Auch das Thema Geschäftsmodell und Risiko-Rendite sowie die Auswirkungen der Zinswende auf die Portfolien werden in der Studie genauer untersucht. Im Kapitel "Zinsanstieg und Volatilität" steht am Anfang die bekannte Feststellung, dass risikoaverse Anleger anleihelastige Portfolios bekommen. Dabei würden viele Anbieter jedoch übersehen, dass Anleihen zinssensitiv sind – und dies einem schnell auf die Füße fallen könnte nach einer langen Niedrigzinsphase. Hinzu kommt ein oft übersehenes Währungsrisiko, was bei hohen US-Quoten die Option einer Absicherung auf die Agenda bringt.

Ganz grundsätzlich hinterfragt Evergreen auch, ob Robo-Advisor-Portfolios überhaupt einen Mehrwert liefern. Das Problem: Viele Robo-Advisor unterscheiden sich hinsichtlich der Risikofaktoren nicht signifikant von normaltypischen passiven Portfolios. So bevorzugten die meisten Anbieter eine passive Faktorallokation. Insgesamt reduzierten Robo-Advisor das passiv-typische US-Klumpenrisiko "in abweichenden Maßen". Insgesamt sei der Mehrwert der Portfolios hinsichtlich der Risikofaktoren im Vergleich zu einem einfachen marktbreiten Index aber trotzdem überschaubar.

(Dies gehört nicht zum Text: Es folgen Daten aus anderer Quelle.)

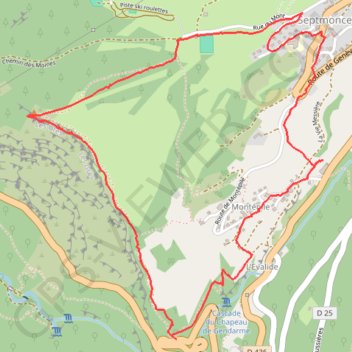 Septmoncel - Sur les Grès GPS track, route, trail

Hinzu kommt der Kostenfaktor: Während für einen marktbreiten ETF Gesamtkosten (TER) von 0,20% bis 0,45% jährlich anfielen, seien die durchschnittlichen Kosten bei den Robo-Beratern deutlich höher – auch da neben den Fondskosten auch bei fast allen Anbietern Servicegebühren anfallen. Die Servicegebühr, die in expliziter Form nur von Robo-Advisorn erhoben werde, übertreffe bei über 90% der untersuchten Anbieter alle anderen Kostenkomponenten der Wertschöpfungskette, heißt es in der Studie. Die Gebühr sei somit teurer als das zugrunde liegende in der Regel wartungsarme Produkt. Das Fazit: Robo-Advisor seien als Erweiterung der Wertschöpfungskette zu betrachten. "Oftmals entfällt durch die hohe Servicegebühr der Vorteil der passiven Geldanlage, d. h. die geringen Kosten."

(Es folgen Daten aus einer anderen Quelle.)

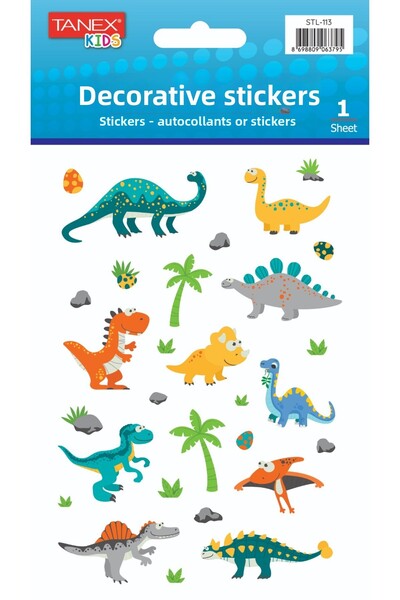Tanex ملصق ديناصور لطيف مطلي بالطلاء STL-113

Ein wenig bissig fragt Evergreen: "Robo-Advisor nicht mehr als glorifizierte Dachfonds?" 92% aller Robos investieren Kundengelder direkt innerhalb des Kundendepots – lassen dabei aber außer Acht, dass mit der Nutzung operativer Fondshüllen Kosten eingespart werden könnten. "Für die Kunden ergeben sich außerdem steuerliche Vorteile, da Verkäufe innerhalb von Kundendepots steuerpflichtig sind, während Verkäufe innerhalb der operativen Fondshülle steuerlich nicht bewertet werden." So entstünden durch Umschichtungen und Rebalancing keine negativen steuerlichen Auswirkungen für Kunden. Auch seien Fondskosten generell von der Mehrwertsteuer befreit, während Servicegebühren mehrwertsteuerpflichtig sind und sich damit die Gebühren für Kunden deutlich erhöhten. 26 Robo-Advisor wurden in der Studie unter die Lupe genommen, für die Auswertung der Performance greift Evergreen auf Daten des Portals Geldanlage-digital.de zurück.

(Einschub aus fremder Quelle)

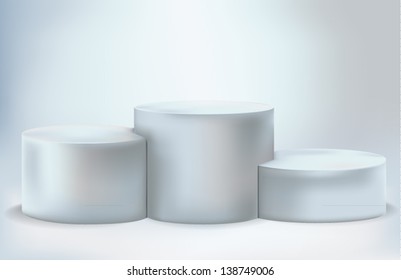 Empty lighted podium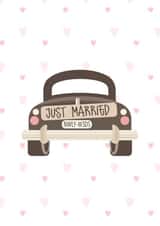 Cute Just married card created by GIFTS BY ANNA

Die Robo-Advisor müssen lernen, eigene Nachhaltigkeitskriterien abzubilden, sonst duplizieren sie nur ETFs mit diesem Schwerpunkt – die mitunter nicht so sauber sind wie in Prospekten dargestellt. Nachhaltigkeit bleibe vorerst ein werbegetriebenes Thema, so Evergreen-CEO Iven Kurz in einer Branchenstudie.